The boss of fast-growing tech company Optimizer wants to convert central Auckland into a mini Silicon Valley, which I guess couldn't be any worse than its present fast-food and two-dollar shop persona. But let's hope he doesn't get any of the mayoral hopefuls jumping on his bandwagon, promising to back him with the council chequebook.

Auckland Council is already so hard up it can't even afford to mow its own grass berms. There's no money to fork out on consultants' reports and scoping studies and all the other expensive promises local political visionaries love to embrace when they venture out on the campaign trail.
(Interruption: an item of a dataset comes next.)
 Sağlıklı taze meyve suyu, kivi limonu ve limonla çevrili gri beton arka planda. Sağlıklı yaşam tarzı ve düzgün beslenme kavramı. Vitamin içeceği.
Optimizer CEO Manas Kumar says bringing like-minded companies together geographically is a model which has already proved successful internationally with the establishment of California's Silicon Valley. The last time I checked, veteran vision-maker Sir Bob Harvey had already made the move, creating his own Silicon Valley-in-waiting at Wynyard Quarter, down at the waterfront. All he needs is more tenants and/or neighbours.

What a pity that instead of moving into new premises in uptown Symonds St, Optimizer didn't seize the opportunity to move down to the waterfront and bring life to the dream Mr Kumar and the Waterfront Auckland chairman share.


It was nearly two years ago that Sir Bob declared the proposed Wynyard Quarter Innovation Precinct could become a "mini Silicon Valley".

This vision got a further breath of life in March last year, when the Prime Minister's Chief Science Adviser, Sir Peter Gluckman, officially opened the new premises of Nextspace, the first technology company to move into the area.

"It is not possible to imagine any way New Zealand can succeed in a world where knowledge-driven innovation will be the major source of economic growth unless a real innovation ecosystem develops in Auckland," Sir Peter said.

Mr Kumar's call to New Zealand tech companies to cluster together in Auckland got a predictable response from down the line, with Wellington-based tech CEO Bruce Aylward claiming there was already a Silicon Valley in Wellington and had been since 2006.

He made the eminently sensible suggestion that with a population the size of a small United States city, New Zealanders shouldn't be parochially poking our tongues out at each other, we should be developing the whole country into one Silicon Valley. Pool our resources and work as a team.

I'd always thought this was a key justification for the Government's multibillion-dollar ultra-fast broadband rollout. So whether you lived in Gore or Wellington or Auckland, access to the new fibre-optic cable effectively turned the whole country into a virtual Silicon Valley. Techies wouldn't have to debate the merits of living in sunny, cultural Auckland versus wet and windy Wellington. They could chose whichever city they preferred.

As for pinpointing an approved site for the Silicon Valley of the South Seas, short of giving politicians much greater powers to direct economic development - and no one has an appetite for that sort of a command economy - such visions don't have a great track record of coming to pass in this city. Sir Bob's old stamping ground out west had dreams of becoming both the film capital and, at Hobsonville, a major boatbuilding centre. The market ordained otherwise in both cases - for now at least.

The emergence of an Auckland mini Silicon Valley will succeed or fail for similar reasons. Not because a politician thought it a good idea, or a tech pioneer was feeling lonely and needed some like-minded company, but because it made economic sense. Which is why mid-Queen St is now Fast-food Valley.


Creating labels like Silicon Valley or Cultural Capital, and presuming it will happen - or is true - seems to be doing things in the wrong order. These are labels to be attached, at best, after the event, not before. But in a country, where a third of the population lives in one place, such labelling seems pointless and divisive. By sheer weight of numbers, Auckland is going to win the crown.

As Mr Aylward highlighted, by both population size and GDP New Zealand is just a flyspot on the world economy. A little ribbing between different centres is fine, but competing for meaningless titles does seem unproductive and self-defeating.